WHAT IS EXPECTED - Reproduce the entire listing exactly as written, apart from its pictures.

COLLECTED DATA -

▬▬▬▬▬▬▬▬▬▬

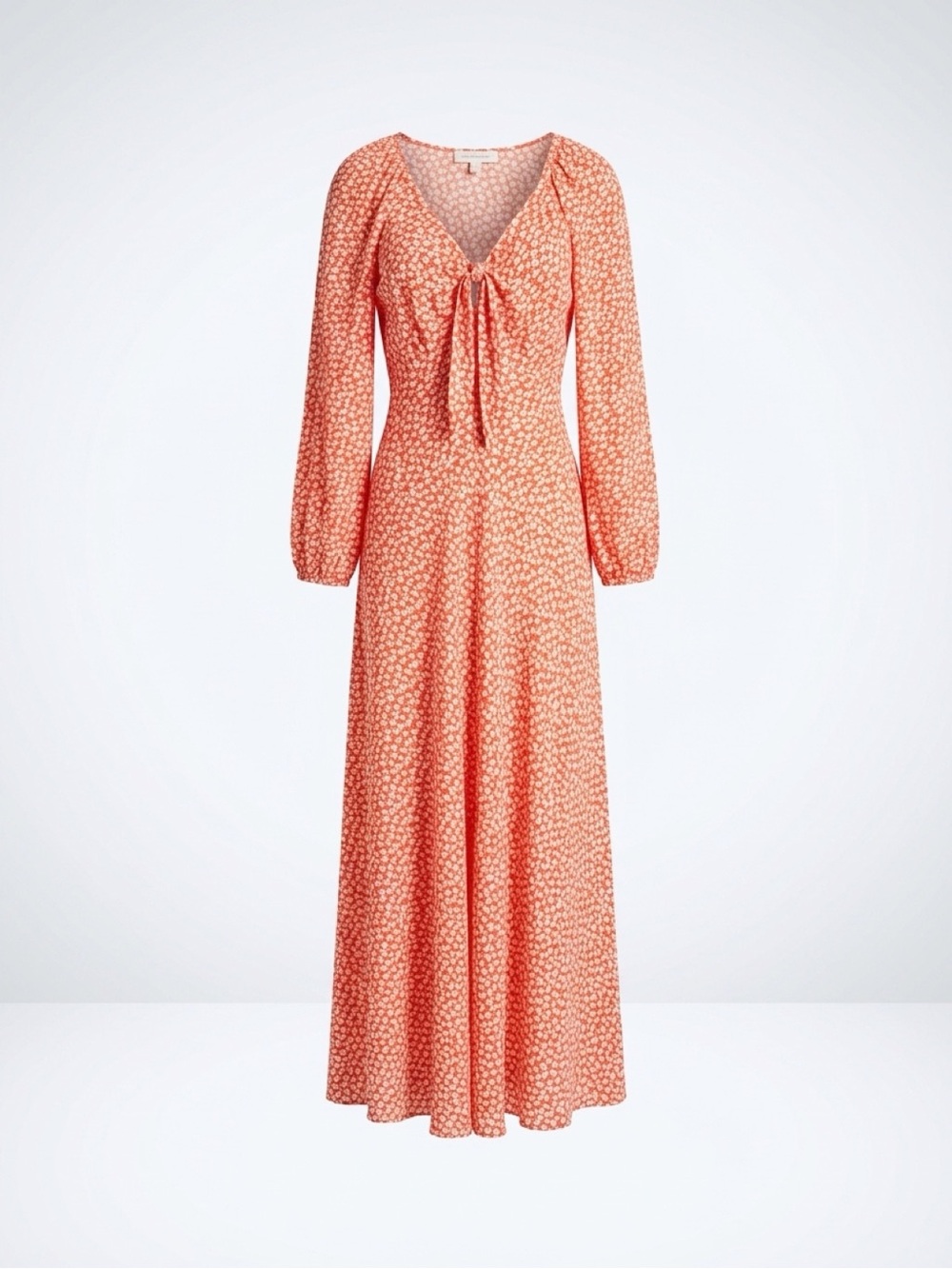 Doen NWT Ortensia Long Sleeve Maxi, Orange Hillside Bloom,XXS but oversized
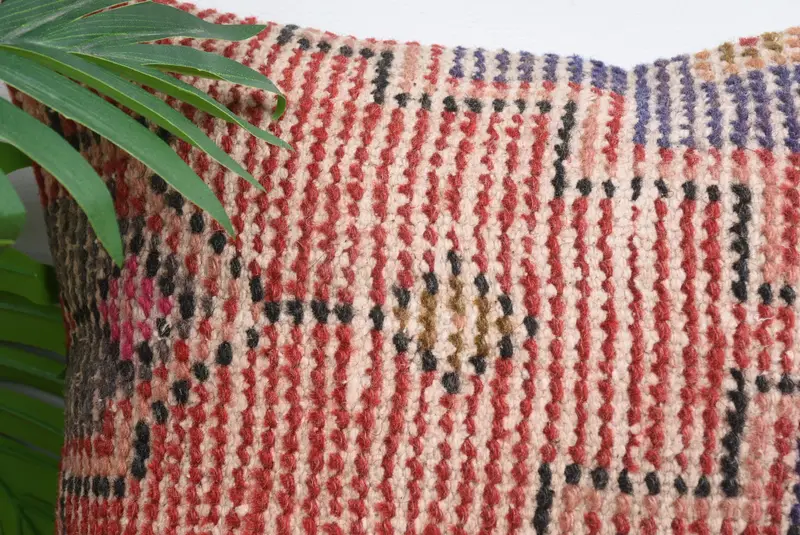Patio Cushion Cover, Cushion, 12x12 Red Cushion Case, Boho Pillow Sham Cover, Kilim Cushion Sham, Outdoor Bolster Cushion Cover, Turkish Pillow - 2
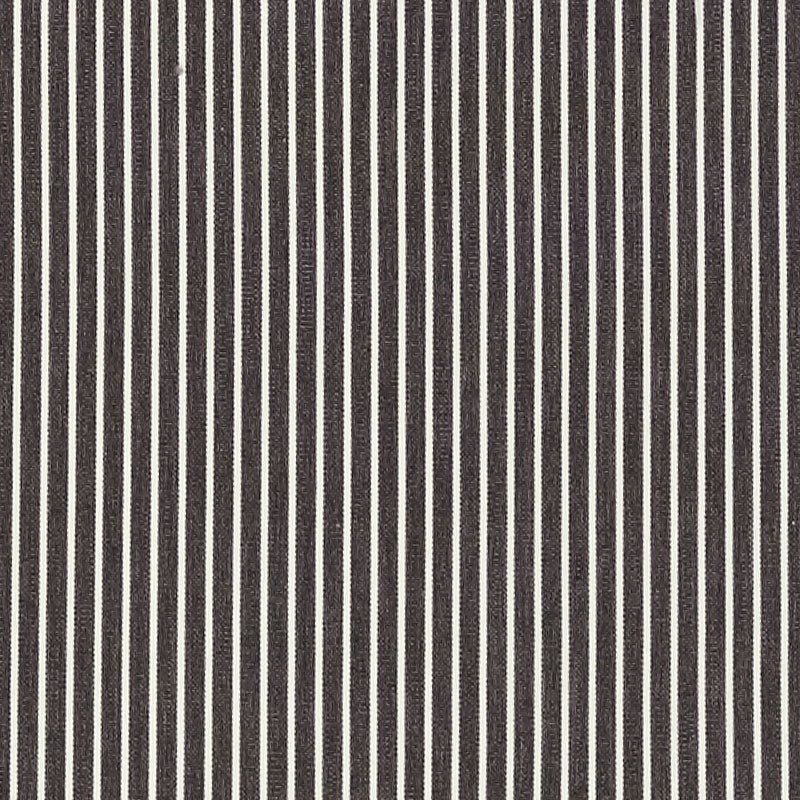 Charcoal fabric with narrow white vertical pinstripes; classic suiting material.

▬▬▬▬▬▬▬▬▬▬

ANSWER TO THIS EXERCISE -
 Doen NWT Ortensia Long Sleeve Maxi, Orange Hillside Bloom,XXS but oversized
Patio Cushion Cover, Cushion, 12x12 Red Cushion Case, Boho Pillow Sham Cover, Kilim Cushion Sham, Outdoor Bolster Cushion Cover, Turkish Pillow - 2
 Charcoal fabric with narrow white vertical pinstripes; classic suiting material.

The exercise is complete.